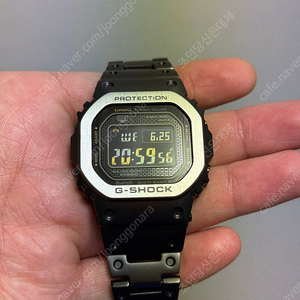 지샥 gmw-b5000mb 풀메탈 스퀘어 무광 블랙 gw-5000 오천이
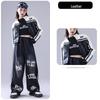Neujahr Kinder Hip Hop Tanz Outfit - Amerikanische Trendige Lederjacke & Performance Set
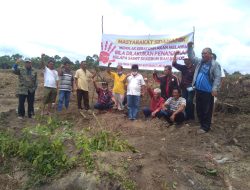 Tokoh Masyarakat bersama Warga Tolak Keras Kebun Bah Butong di Konversi ke Sawit 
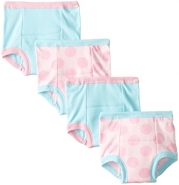 Gerber Baby-Girls Infant 4 Pack Training Pants Polka Dots, Pink, 18 Months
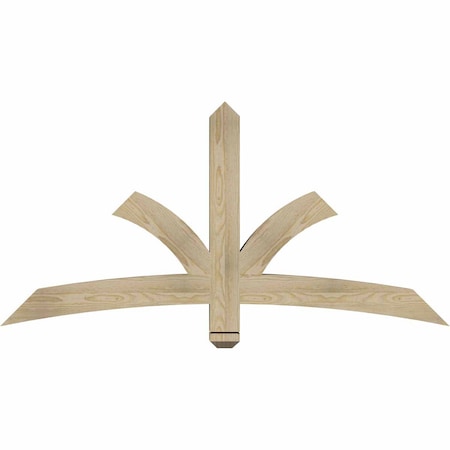 Ekena Millwork Davenport Rough Sawn Timber Gable Bracket, Douglas Fir, 60"W x 30"H x 4"D x 4"F, 12/12 Pitch GBW060X30X0404DAV00RDF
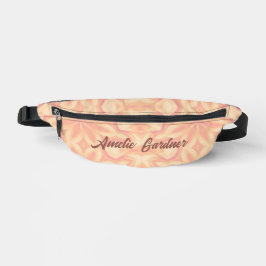 Motif jaune rose kaléidoscope floral délicat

**Task goal:** Do not include pictures. Copy only the lines running from the line with "Ekena Millwork Davenport" through the last line of the records, exactly as they appear.

**Worked solution:**
 Ekena Millwork Davenport Rough Sawn Timber Gable Bracket, Douglas Fir, 60"W x 30"H x 4"D x 4"F, 12/12 Pitch GBW060X30X0404DAV00RDF
 Motif jaune rose kaléidoscope floral délicat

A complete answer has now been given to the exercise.